I pray before the dead - 89%

Razakel, December 10th, 2011

Since I’m the biggest Amorphis fan in the known universe, it’s a wonder that I’d never thoroughly checked out Abhorrence until earlier last year. I’d heard vague rumours that they were classics of the early Finnish death metal scene, but I guess I just never considered that a band that was active for less than two years who only released a short demo and an EP could have much to offer but, my friends, let me sincerely admit that I was gravely mistaken. Abhorrence fucking rule, and tell everyone you know this fact.

The Vulgar Necrolatry demo is an obscure little gem of Finnish death metal lore, but a damned significant one at that. It was the first recorded piece of music in which Tomi Koivusaari lent his riffs of ungodlike mastery, before going on to mastermind Amorphis, alongside Esa Holopainen, of then Violent Solution notoriety. Also, albeit a decade after Abhorrence’s gruesome demise, Mika ‘Arkki’ Arnkil, would go on to provide bass for Impaled Nazarene. So, two prominent members of two of Finland’s most influential metal bands played together in a band in their teens, and what did it sound like? Well, disgustingly primitive and violent death metal, naturally. Sure, the production is about as harsh and gruff as it comes, but in a much more tasteful way than bedroom bands. The riffs trudge through the grain like a thick blizzard and the solos squeal through the mix like a tortured banshee.

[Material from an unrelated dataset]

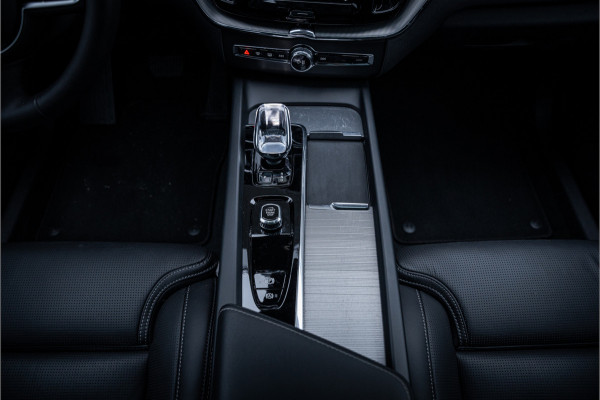 Volvo XC60 T6 Recharge Ultimate Black Edition ** Leer ** B&W ** Four-C luchtvering ** Trekhaak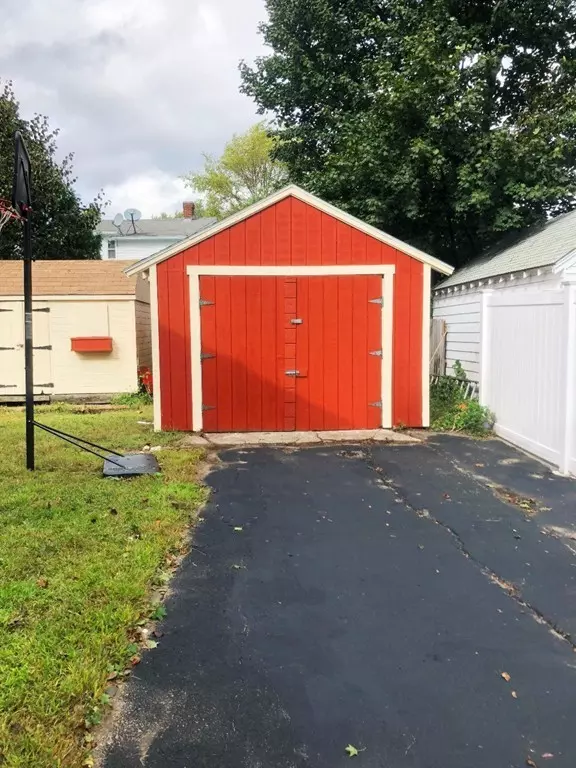 Peabody, MA 01960,16 Martinack Ave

The opening and title track is clearly the centerpiece of the release, and it’s no wonder Amorphis still play this song live. After the eerie, yet admittedly needless intro, the riffs stomp forth and never let up. Merging between a mid and fast pace, this song never ceases to decimate. The vocals are heavily Carcass inspired, and while the music is certainly brutal, there are still melodic moments which already remind one of the more epic moments of Amorphis’ debut, The Karelian Isthmus. Top it off with a raging solo near the end, and here you have one of Abhorrence’s best songs. What surprises me most about this release is the fact that if you can contain yourself from headbanging for a split second, and look beyond the filthy production, you’ll notice that much of the music is legitimately catchy. I could hum the breakdown at about 50 seconds into Pleasures of Putrid Flesh all day long.

This is definitely an example of a classic demo in desperate need of a good reissue. This, along with Abhorrence’s EP, really does belong in the collection of fans of the early Scandinavian and British death metal scenes. It will remind you of Dismember, it will remind you of Carcass and early Bolt Thrower, but it will also offer you something different. The filthy production and putrid atmosphere do well to hide some haunting melodic breaks which really is the charm of Abhorrence. This is music to dig up festering graves to, or desecrate holy tombstones. That or, you know, just get drunk and headbang with the bros.

A More Mature Band in the Finnish Scene - 85%

CHRISTI_NS_ANITY8, June 24th, 2008

Abhorrence is another cult band in the Finnish musical panorama. A status reached with just two releases, soon become very rare pieces for the collectors. That period in Finland was great for the vast number of bands playing this genre, the gore death metal. These bands are not famous but are quite good anyway even if I believe that Abhorrence belong, in their sickness, to the most intelligent side of this genre in that country.

The music is always very inspired by the gore grind/death metal of bands like Repulsion and Carcass but there is always something different in the riffage that somehow leads to the American death metal scene and groups like Cannibal Corpse and Morbid Angel. During the fast tremolo picking parts on the chords and the mid paced parts those influences from the band of David Vincent are easily audible, along with a similar guitars tune.

The atmosphere is rotten and putrid but the production is not so much. The grind parts, full of blast beats, are a bit too noisy but the lead guitars lines are always well audible. The groovy mid tempo parts are very good and they contribute in creating an excellent mix of sonorities. It’s very hard to choose a stand out track because the melody or the catchiness are not the most important things but the good level of technique and the burden of violence make this demo quite enjoyable.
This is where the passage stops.